Explaining Liverpool's Pressing Against Manchester City

Explaining Liverpool's Pressing Against Manchester City

In Liverpool’s most recent contest, The Reds achieved a 0-0 draw at home to title rivals, Manchester City. The match was cagey, conservative and respectful, and despite Liverpool restricting City to just two shots on target, some viewers weren’t happy with the home side’s work without the ball. The main viewer that I’m referencing here is Sky’s co-commentator on the day, Gary Neville, as he spent large portions of the match pointing out that Liverpool ‘weren’t right’, and that they ‘lacked intensity’.

Neville’s comments likely derive from the fact that past meetings between the two teams have been chaotic and unpredictable. Neville, perhaps understandably, expected Liverpool to blow City away once more by pressing ferociously & giving Pep’s technicians no time on the ball whatsoever. However, this wasn’t the case and it hasn’t been the case all season with the exception of Chelsea away.

Liverpool’s approach to pressing this season has been calculating, clever and measured, which is very different to the media’s perception of how Liverpool go about regaining the ball. City, Chelsea, Arsenal, Spurs, and even Everton all typically press higher than Liverpool in terms of the number of passes conceded per defensive action, but Klopp’s men are perceived by the majority to be the leading aggressors.

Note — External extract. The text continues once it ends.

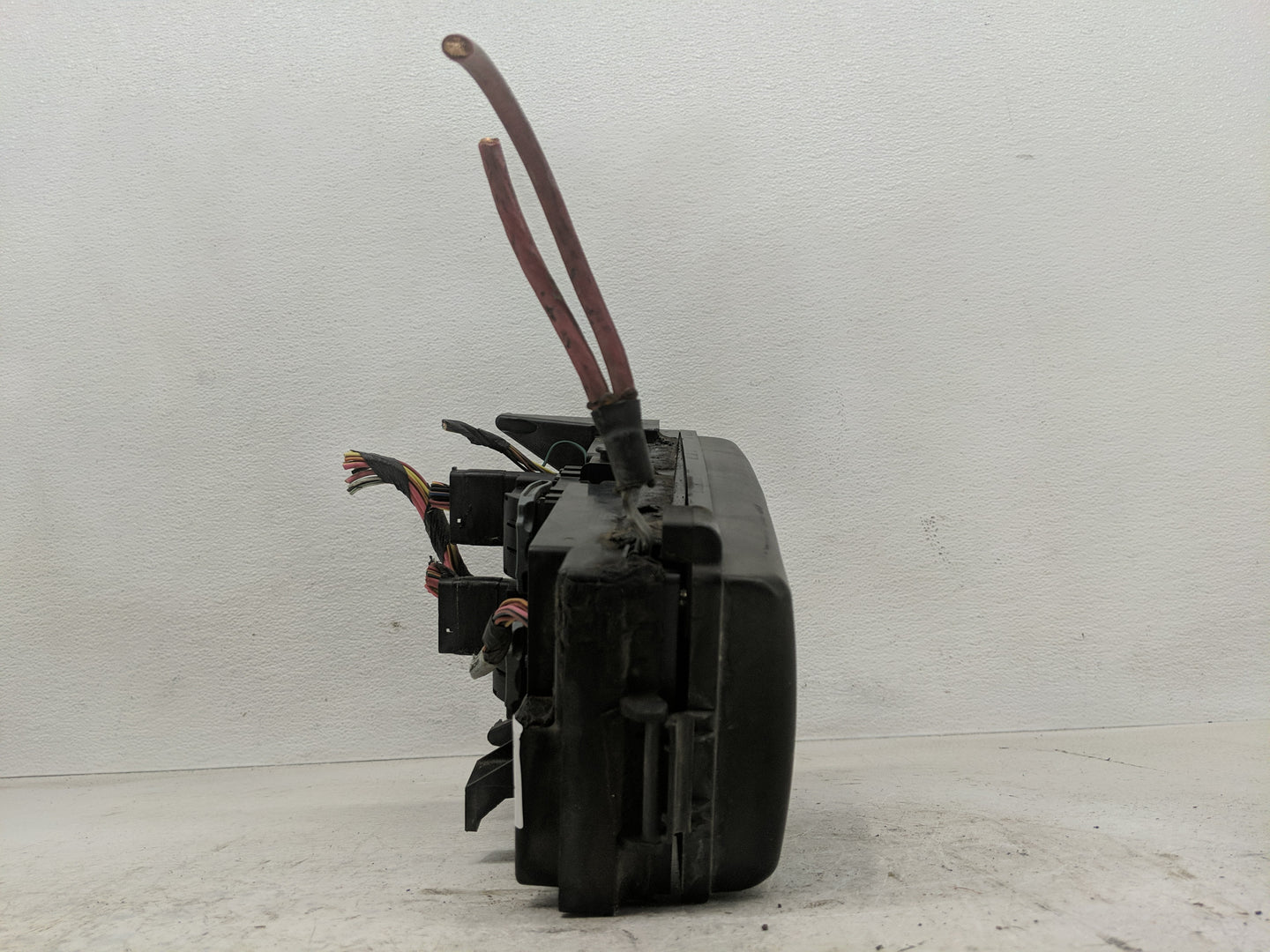 2005-2007 Dodge Dakota Fusebox Fuse Box Panel Relay Module P/N:04839703AH Fits Fits 2005 2006 2007 OEM Used Auto Parts - Oem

In fact, Liverpool’s primary tactic without the ball is to adopt a mid-block, allowing the opposing team to play out comfortably but into traps that are premeditated. Once the opponent fails to play through Liverpool’s compact block, Klopp’s men spring forward attacking the space afforded to them due to the fact the opposing team initially expanded to pass out. An example of a trap against Man City has been provided below.

This was one of the very few instances during the 0-0 draw that Pep’s men fell into a pressing trap in the middle of the field. City fell for those traps regularly in the 4-3 and 3-0 defeats, by naively trying to play through the middle of Liverpool’s shape. Pep appeared to have learnt from those losses in the 0-0 draw by instead used the wings a lot more so that if the ball was lost, the immediate threat wouldn’t be as great. This is perhaps why Neville thought we ‘lacked intensity’, when in reality the lack of turnovers was due to City’s reluctance to play through Liverpool’s midfield like they have in past meetings. Liverpool didn’t lack intensity, they adopted the same shrewd approach they’ve used for the majority of the season.

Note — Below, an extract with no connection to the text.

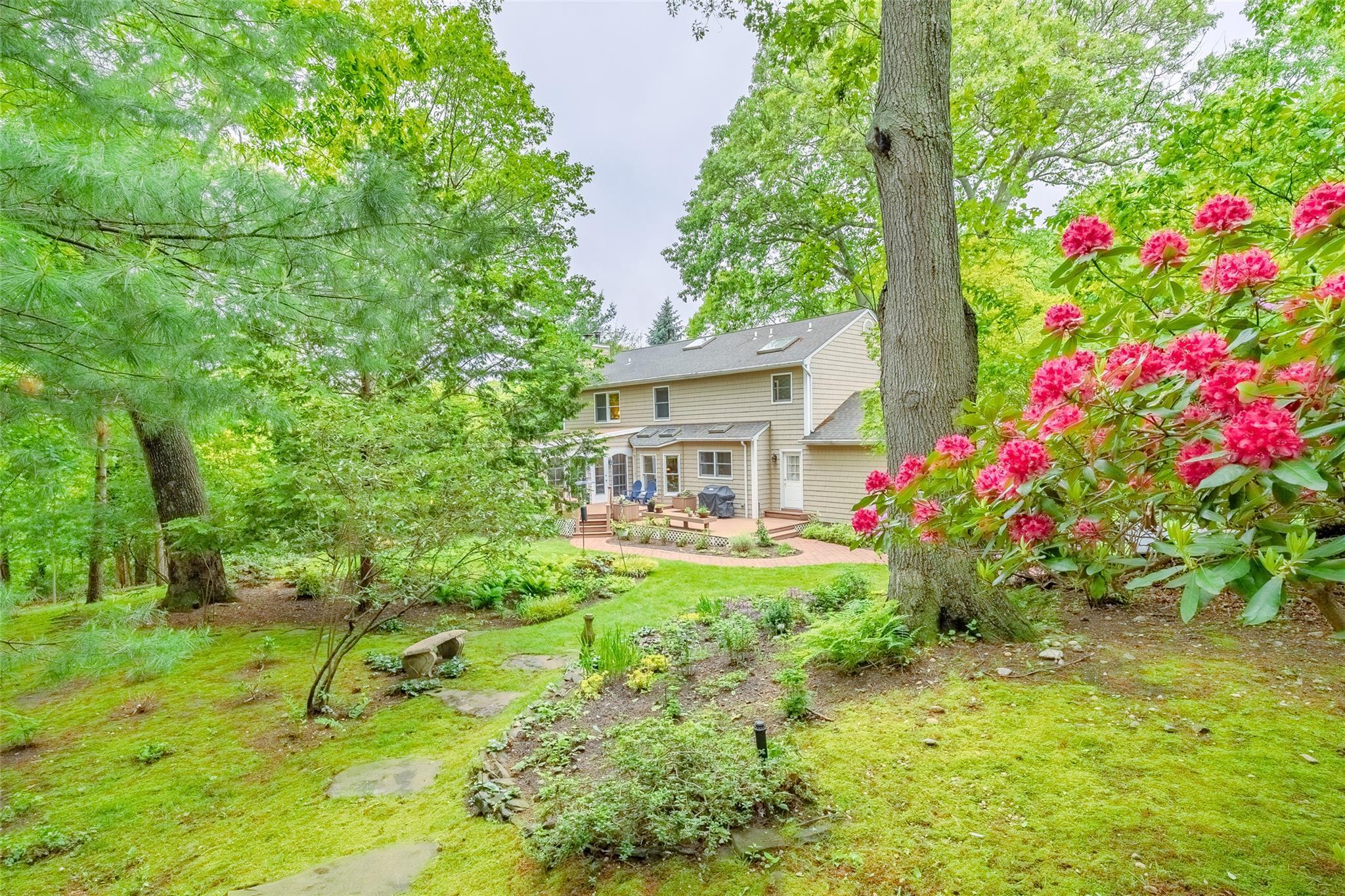 Single Family Nadworny  Suffolk County, NY 11790, MLS-868723-6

Below is another example of Liverpool’s mid-block being employed, but this time against Spurs in a recent 2-1 win. The pressing isn’t ferocious, it’s not intense, as Neville may have expected, but it’s intelligent and planned. Although Liverpool appear passive in these instances, they simply have to force one mistake and the consequence is an immediate attack outnumbering a vulnerable defence with space to exploit.

A consequence of pressing higher than the mid-block, which is evidently what Neville thinks we do, is that it usually results in more possession, and that’s not overly suited to Klopp’s personnel. Liverpool pressed higher against Chelsea, as shown below, and probably will against Arsenal in a few weeks because those are two sides that are newly playing out from the back, so they’ll take risks beyond their capability. These teams are still learning the ropes and are therefore likely to make detrimental mistakes, so pressing higher to force a costly error makes more sense.

In the early stages at Stamford Bridge, Liverpool dominated the ball because of their high pressing forcing regular mistakes, despite Sarri’s philosophy being based on possession. Chelsea struggled to assume control and escape their own half because of the constant errors leading to Liverpool winning the ball. In that match, Liverpool were unfortunate to concede first through a moment of magical combination play involving Hazard, Kovacic & Jorginho. If Liverpool hadn’t conceded first, I have no doubt that after scoring through a Chelsea mistake, Klopp’s men would’ve then retreated into their usual mid-block.

Overall, Klopp’s mid press ensures more defensive stability due to compactness, and a domination of central areas whilst retaining a countering threat if the ball is won because of the speed and positioning of Liverpool’s attackers. In addition to this, the approach ensures that Liverpool don’t overly dominate possession, because as previously stated, that can often negatively impact the side due to the lack of creativity in midfield. The common misconception is that Liverpool press highly and relentlessly almost as headless chickens, and although that may somewhat be the case when the time is right, it’s a lazy observation that I’ve hopefully cleared up here.